DEFINITION of Story Stock
A story stock is a stock whose value reflects expected outperformance (or favorable press coverage) rather than its assets and income. A story stock's share price is often bid up on overly optimistic expectations about its potential profits. Its valuations are generally out of line with its fundamentals, since investors will pay a premium for the shares to participate in its growth prospects. Many story stocks are in the dynamic technology or biotechnology sectors due to the lure of purchasing shares of an innovative company that may discover the cure for cancer or invent a new fuel source.
BREAKING DOWN Story Stock
Story stocks often garner substantial media coverage. Because of the abundant attention, a story stock may attract heavy trading volume for many months, until a new contender displaces it. A few story stocks may achieve great success, but most fail to achieve their promise.
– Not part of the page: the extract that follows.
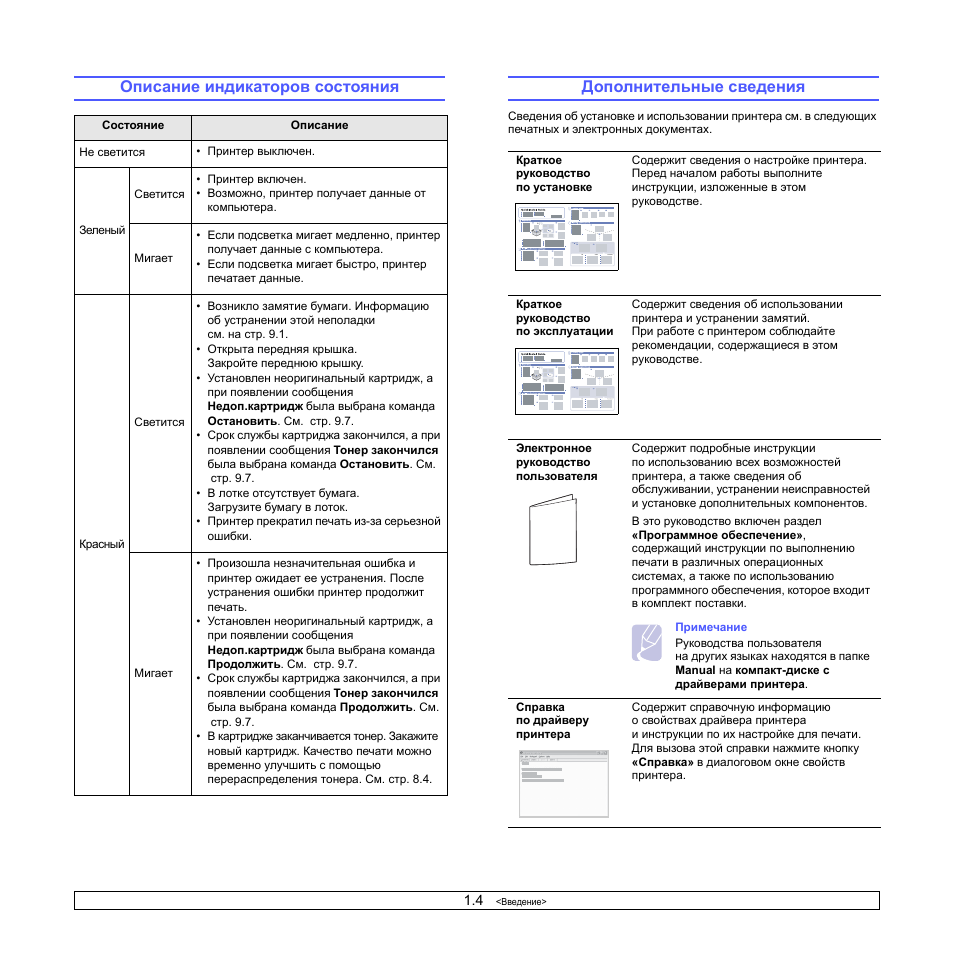 Printer manual инструкция на русском. Инструкция по использованию принтера. Руководство по эксплуатации печать.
The abundance of story stocks depends on market conditions. Story stocks are commonplace and flourish during bull markets, but are relatively rare in bear markets. The industry sector that generates the most story stocks at a particular time depends on the dominant investment theme such as tech or energy. While a typical story stock has numerous supporters, its rapid rise and rich valuations also tend to attract short-sellers, who are skeptical about the company’s long-term prospects. Therefore, a story stock will typically attract above-average short interest, which can lead to significant price volatility.
The FAANG Story
In 2013, CNBC's Jim Cramer coined the term FANG to refer to four dominant technology stocks as measured by market performance and capitalization: Facebook (FB), Amazon (AMZN), Netflix (NFLX), and Google's parent company Alphabet Inc. (GOOG). Apple (AAPL) was added later on in the year to make it FAANG. These story stocks were strong performers from 2013 on, and in 2017, the five stocks' average performance was about 50%, compared with a 19% gain for the S&P 500 Index (SPX). The valuation and spectacular performance of the FAANGs have been likened to that of the tech stocks before the 2000 dot com burst, which led many overvalued tech companies to crash and roiled global markets. However, some analysts have noted that there is a difference between both tech classes, stating that there is plenty room for the current tech class to grow as areas of cloud computing, social media, e-commerce, artificial intelligence (AI), machine learning and big data are still being explored and developed.